=== What needs to be done ===
An exact transcription is needed of the lines below from the one with "1526 E 1st Street, Los Angeles, CA 90033" through the one with "Hotel Yasodha Towers Hosur Exterior photo", with no other lines and no pictures.

=== Extracted data ===
%%

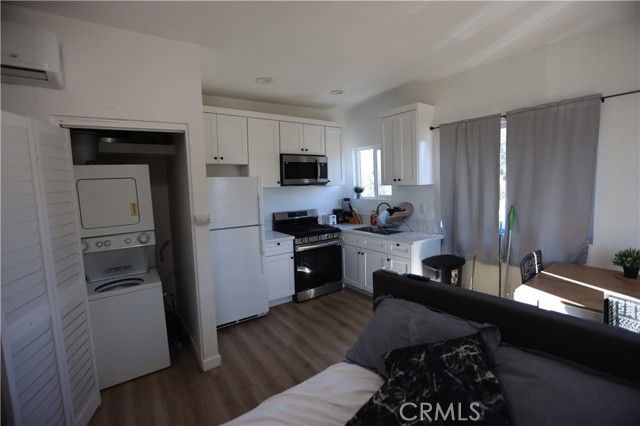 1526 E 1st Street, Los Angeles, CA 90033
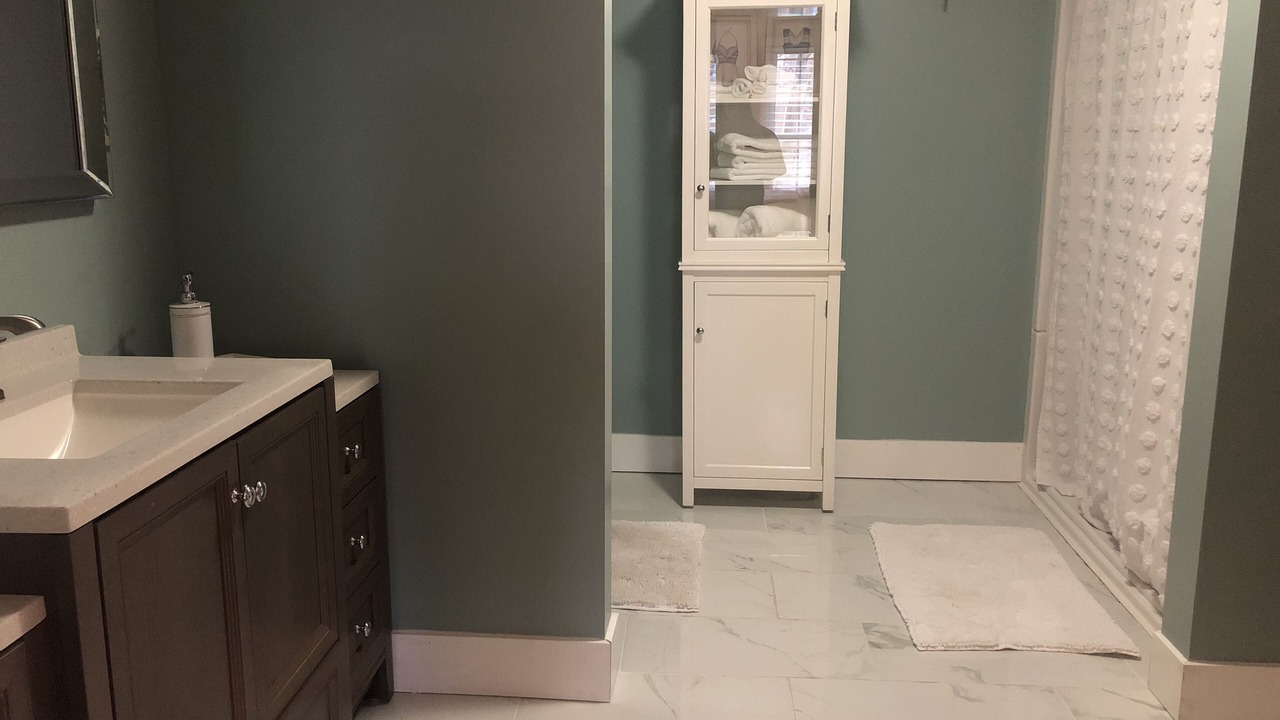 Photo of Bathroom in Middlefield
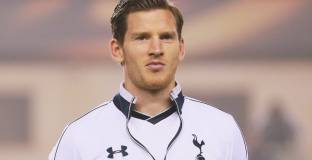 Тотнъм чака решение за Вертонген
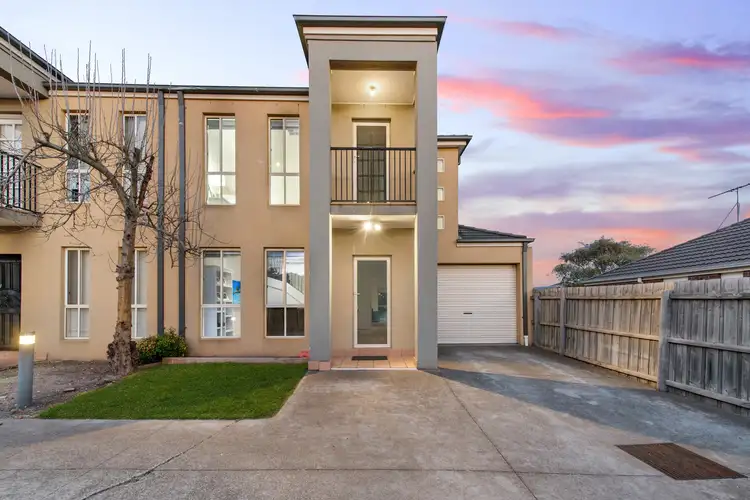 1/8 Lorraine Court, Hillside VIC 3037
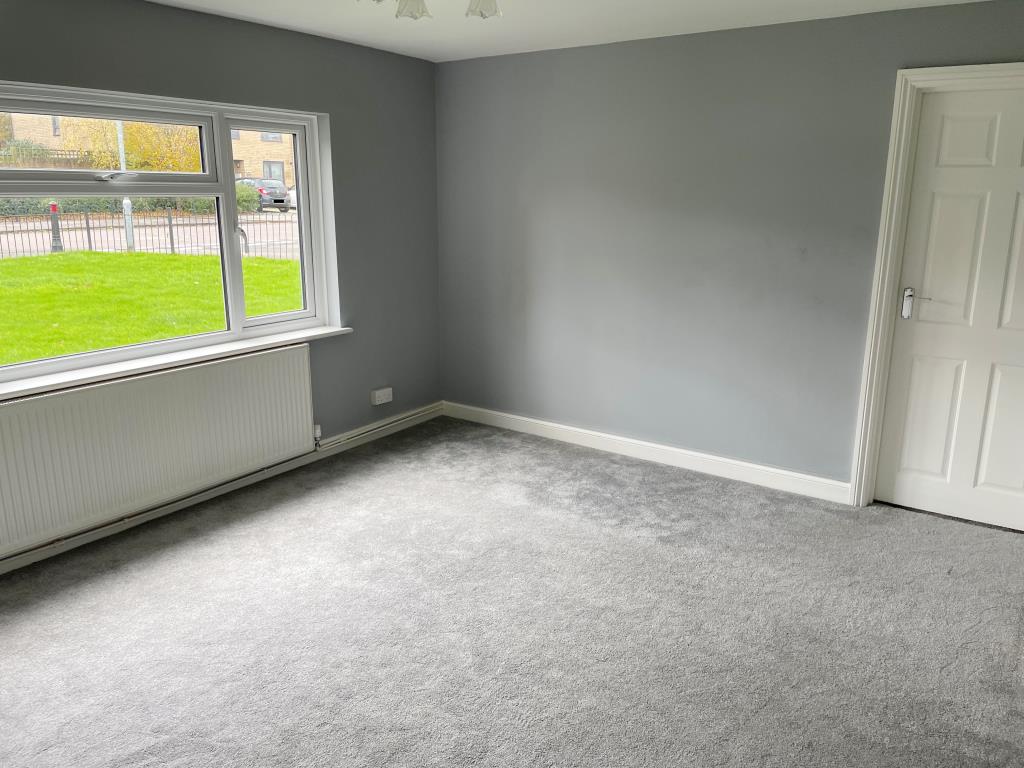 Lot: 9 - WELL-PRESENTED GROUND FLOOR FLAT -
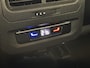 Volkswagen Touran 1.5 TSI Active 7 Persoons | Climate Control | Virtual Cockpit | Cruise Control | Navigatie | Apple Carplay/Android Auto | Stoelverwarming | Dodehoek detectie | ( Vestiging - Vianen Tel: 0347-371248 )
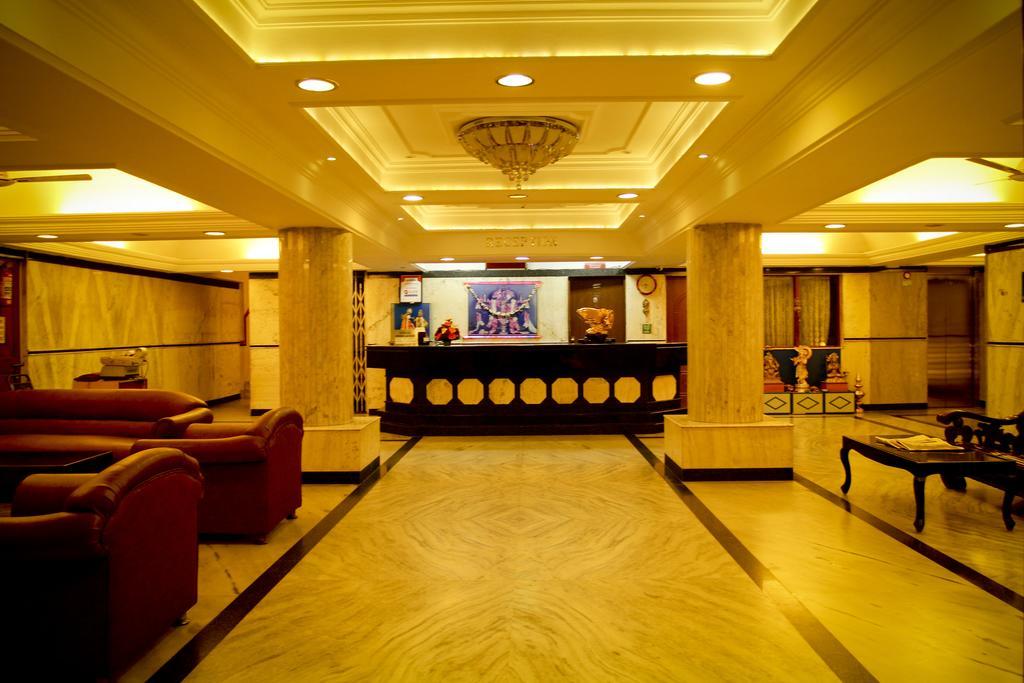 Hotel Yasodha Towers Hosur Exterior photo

%%
%%

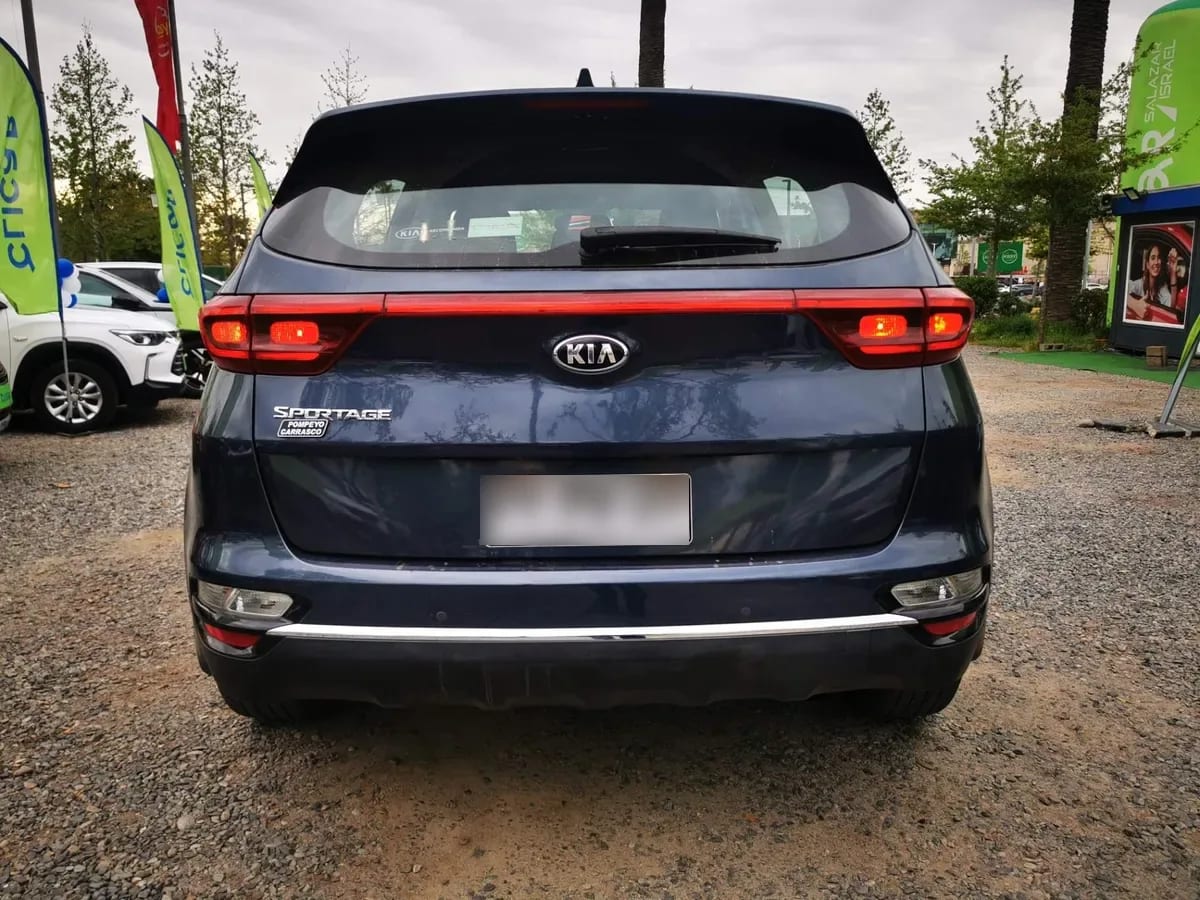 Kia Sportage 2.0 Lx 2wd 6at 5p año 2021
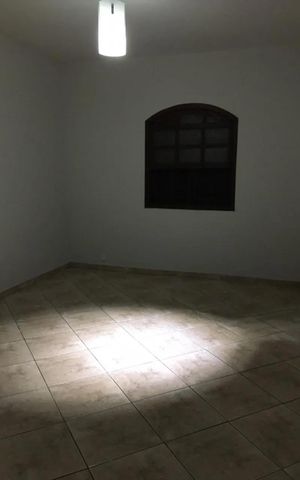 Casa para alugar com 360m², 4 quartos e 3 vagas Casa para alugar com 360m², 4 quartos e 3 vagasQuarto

%%

=== Solution ===
 1526 E 1st Street, Los Angeles, CA 90033
 Photo of Bathroom in Middlefield
 Тотнъм чака решение за Вертонген
 1/8 Lorraine Court, Hillside VIC 3037
 Lot: 9 - WELL-PRESENTED GROUND FLOOR FLAT -
 Volkswagen Touran 1.5 TSI Active 7 Persoons | Climate Control | Virtual Cockpit | Cruise Control | Navigatie | Apple Carplay/Android Auto | Stoelverwarming | Dodehoek detectie | ( Vestiging - Vianen Tel: 0347-371248 )
 Hotel Yasodha Towers Hosur Exterior photo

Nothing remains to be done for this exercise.